I'm fine to change the message and correct me if I'm wrong but I don't think whether or not the app gets deployed depends on when the interrupt occurs.

So for a test I did the following:

run abra a deploy traefik.default
pause for a second until it's 'waiting to converge'
press ctrl+ c
run abra app ps traefik.default and get back output
run abra app undeploy traefik.default and successfully remove the app
run abra app ps traefik.default and be told the app is no longer installed

Full trace of that is below but basically it installed the app because it was already in progress in another thread and the only thing I interrupted was CLI process. If you want to make it so it actually stops/undeploys the app then that will require a bit more work to get doing. Let me know what you think.
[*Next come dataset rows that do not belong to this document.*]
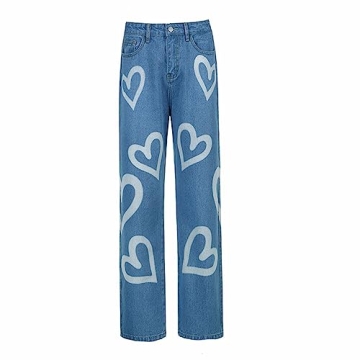 Trendy Heart Print Jeans for Women and Teen Girls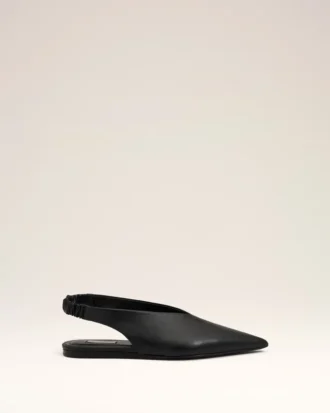 Svarta slingbacks i lammläder med spetsig tå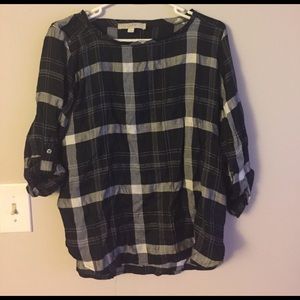 Loft Plaid 3/4 Sleeve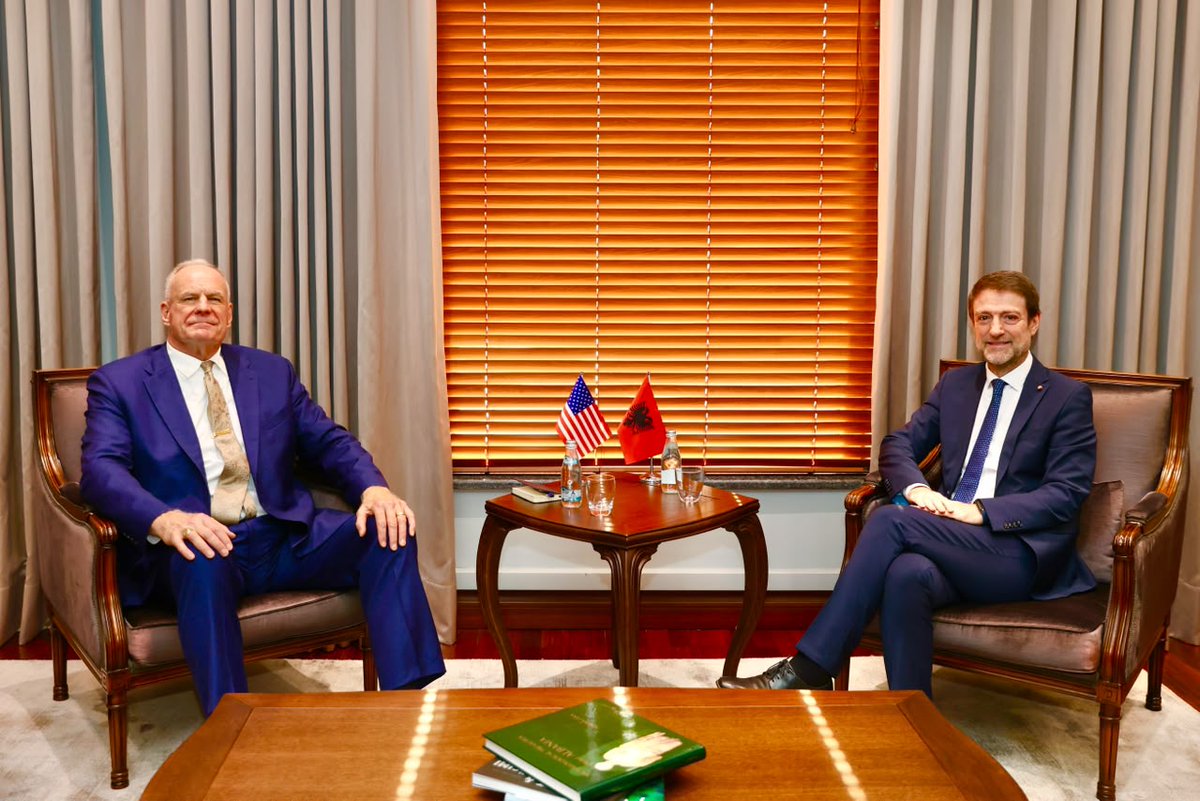 HoxhaFer's tweet photo. A distinct pleasure to welcome #Ambassador Eric Wendt to Albania and to the Ministry for Europe and Foreign Affairs for our first meeting.

The United States remains one of Albania’s closest and most valued strategic partners. Our relationship rests on shared democratic values, a strong security partnership within #NATO, and a longstanding friendship between our peoples. The American imprint on key and defining moments of #Albania’s history is indelible and remains a powerful foundation for our strong and ever-deepening strategic partnership.

For Albania, membership in the #European Union as the top national priority, and a strong, enduring transatlantic partnership are two sides of the same coin. We remain firmly committed to further strengthening our strategic partnership and transatlantic bonds in the years ahead.

I look forward to working together to further deepen our bilateral ties, including to expand economic and investment opportunities, strengthen cooperation on regional security and stability and address the global challenges that require close coordination among allies.
 
I wish Ambassador Wendt every success in his mission and look forward to a close, productive and enduring cooperation. 🇦🇱🇺🇸

#Together

--
 
Një kënaqësi e veçantë të mirëpres Ambasadorin Eric Wendt në Shqipëri dhe në Ministrinë për Evropën dhe Punët e Jashtme, në takimin tonë të parë.

Shtetet e Bashkuara mbeten një nga partnerët strategjikë më të afërt dhe më të çmuar të Shqipërisë. Marrëdhënia jonë mbështetet në vlera të përbashkëta demokratike, në një partneritet të fortë të sigurisë brenda NATO-s dhe në një miqësi të kahershme mes popujve tanë. Gjurmët e Shteteve të Bashkuara në momente kyçe dhe përcaktuese të historisë së Shqipërisë janë të pashlyeshme dhe mbeten një themel i fuqishëm për partneritetin tonë strategjik, të fortë dhe gjithnjë e më të thelluar.

Pres të punojmë ngushtë së bashku për të thelluar më tej marrëdhëniet tona dypalëshe, përfshirë për të zgjeruar mundësitë ekonomike dhe të investimeve, për të forcuar bashkëpunimin për sigurinë dhe stabilitetin rajonal, si dhe për t’iu përgjigjur sfidave globale që kërkojnë koordinim të ngushtë mes aleatëve.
<Setup logs removed for brevity>...
+--------+---------+-------------+-----------------+---------------+
| SERVER | RECIPE  |   CONFIG    |     DOMAIN      |    VERSION    |
+--------+---------+-------------+-----------------+---------------+
| local  | traefik | compose.yml | traefik.default | 2.4.2+v2.10.4 |
+--------+---------+-------------+-----------------+---------------+
? continue with deployment? Yes
DEBU[0001] get label 'coop-cloud.traefik_default.timeout'  caller="/home/rix/src/abra/pkg/config/app.go:553 GetLabel"
DEBU[0001] timeout label: 300                            caller="/home/rix/src/abra/pkg/config/app.go:568 GetTimeoutFromLabel"
DEBU[0001] set waiting timeout to 300 s                  caller="/home/rix/src/abra/cli/internal/deploy.go:168 DeployAction"
INFO[0001] Creating config traefik_default_file_provider_yml_v8  caller="/home/rix/src/abra/pkg/upstream/stack/stack.go:280 createConfigs"
INFO[0001] Creating config traefik_default_entrypoint_v2  caller="/home/rix/src/abra/pkg/upstream/stack/stack.go:280 createConfigs"
INFO[0001] Creating config traefik_default_traefik_yml_v17  caller="/home/rix/src/abra/pkg/upstream/stack/stack.go:280 createConfigs"
INFO[0001] Creating service traefik_default_app          caller="/home/rix/src/abra/pkg/upstream/stack/stack.go:391 deployServices"
INFO[0003] waiting for services to converge: traefik_default_app  caller="/home/rix/src/abra/pkg/upstream/stack/stack.go:419 deployServices"
DEBU[0003] waiting on traefik_default_app to converge    caller="/home/rix/src/abra/pkg/upstream/stack/stack.go:422 deployServices"
^CFATA[0006]
The wait for traefik.default to converge was interrupted.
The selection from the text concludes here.